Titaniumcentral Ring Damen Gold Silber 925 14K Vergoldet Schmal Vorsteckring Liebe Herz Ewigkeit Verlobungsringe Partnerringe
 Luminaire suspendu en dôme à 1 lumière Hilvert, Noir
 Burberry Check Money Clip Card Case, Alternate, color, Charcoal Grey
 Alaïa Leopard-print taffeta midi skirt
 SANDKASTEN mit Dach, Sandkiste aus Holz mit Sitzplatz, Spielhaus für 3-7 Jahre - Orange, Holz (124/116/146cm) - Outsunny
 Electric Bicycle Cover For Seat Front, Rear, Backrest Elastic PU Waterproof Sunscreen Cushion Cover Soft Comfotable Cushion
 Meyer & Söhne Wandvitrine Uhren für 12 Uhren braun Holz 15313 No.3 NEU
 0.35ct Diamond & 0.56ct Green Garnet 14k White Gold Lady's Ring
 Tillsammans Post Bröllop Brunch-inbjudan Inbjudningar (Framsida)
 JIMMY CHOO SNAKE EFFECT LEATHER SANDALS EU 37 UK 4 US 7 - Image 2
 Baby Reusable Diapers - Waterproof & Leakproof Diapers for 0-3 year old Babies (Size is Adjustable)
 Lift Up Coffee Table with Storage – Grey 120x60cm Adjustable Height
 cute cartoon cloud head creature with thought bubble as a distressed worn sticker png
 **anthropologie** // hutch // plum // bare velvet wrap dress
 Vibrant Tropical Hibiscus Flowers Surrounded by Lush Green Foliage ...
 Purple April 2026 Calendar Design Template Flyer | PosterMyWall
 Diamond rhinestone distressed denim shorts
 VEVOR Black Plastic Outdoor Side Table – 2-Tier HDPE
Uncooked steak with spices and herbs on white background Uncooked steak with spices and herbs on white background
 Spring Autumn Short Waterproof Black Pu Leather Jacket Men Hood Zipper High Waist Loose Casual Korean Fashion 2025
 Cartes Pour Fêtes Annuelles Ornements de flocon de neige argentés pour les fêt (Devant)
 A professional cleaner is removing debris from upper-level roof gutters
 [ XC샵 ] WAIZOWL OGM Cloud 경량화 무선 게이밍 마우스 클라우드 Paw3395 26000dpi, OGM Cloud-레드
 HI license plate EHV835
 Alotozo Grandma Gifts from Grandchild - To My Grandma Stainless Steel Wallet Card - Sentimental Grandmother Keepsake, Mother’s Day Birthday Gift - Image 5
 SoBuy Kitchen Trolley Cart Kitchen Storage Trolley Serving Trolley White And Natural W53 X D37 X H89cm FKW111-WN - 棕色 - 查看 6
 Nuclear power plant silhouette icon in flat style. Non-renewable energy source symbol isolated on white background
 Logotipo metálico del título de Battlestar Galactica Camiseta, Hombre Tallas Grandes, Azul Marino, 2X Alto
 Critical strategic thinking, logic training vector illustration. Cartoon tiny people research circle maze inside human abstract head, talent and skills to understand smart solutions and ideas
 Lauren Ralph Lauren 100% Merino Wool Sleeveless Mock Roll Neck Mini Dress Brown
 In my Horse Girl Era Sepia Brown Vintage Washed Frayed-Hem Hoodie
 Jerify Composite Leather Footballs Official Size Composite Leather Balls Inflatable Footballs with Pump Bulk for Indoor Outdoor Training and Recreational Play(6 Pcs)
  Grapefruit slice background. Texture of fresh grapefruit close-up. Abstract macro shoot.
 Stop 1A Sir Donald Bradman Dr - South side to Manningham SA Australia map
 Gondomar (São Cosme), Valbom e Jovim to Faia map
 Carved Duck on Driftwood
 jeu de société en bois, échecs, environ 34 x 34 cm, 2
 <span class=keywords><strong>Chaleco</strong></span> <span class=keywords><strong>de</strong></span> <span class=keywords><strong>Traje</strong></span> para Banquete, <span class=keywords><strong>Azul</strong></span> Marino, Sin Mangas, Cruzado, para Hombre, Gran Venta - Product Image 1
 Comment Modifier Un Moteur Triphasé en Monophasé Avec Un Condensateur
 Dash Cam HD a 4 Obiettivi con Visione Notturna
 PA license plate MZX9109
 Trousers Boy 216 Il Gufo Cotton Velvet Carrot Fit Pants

══════════

**WHAT THE TASK REQUIRES**
The records are given above. Copy each line in them that holds "Card".

**SOLVED PROBLEM**
 Burberry Check Money Clip Card Case, Alternate, color, Charcoal Grey
 Alotozo Grandma Gifts from Grandchild - To My Grandma Stainless Steel Wallet Card - Sentimental Grandmother Keepsake, Mother’s Day Birthday Gift - Image 5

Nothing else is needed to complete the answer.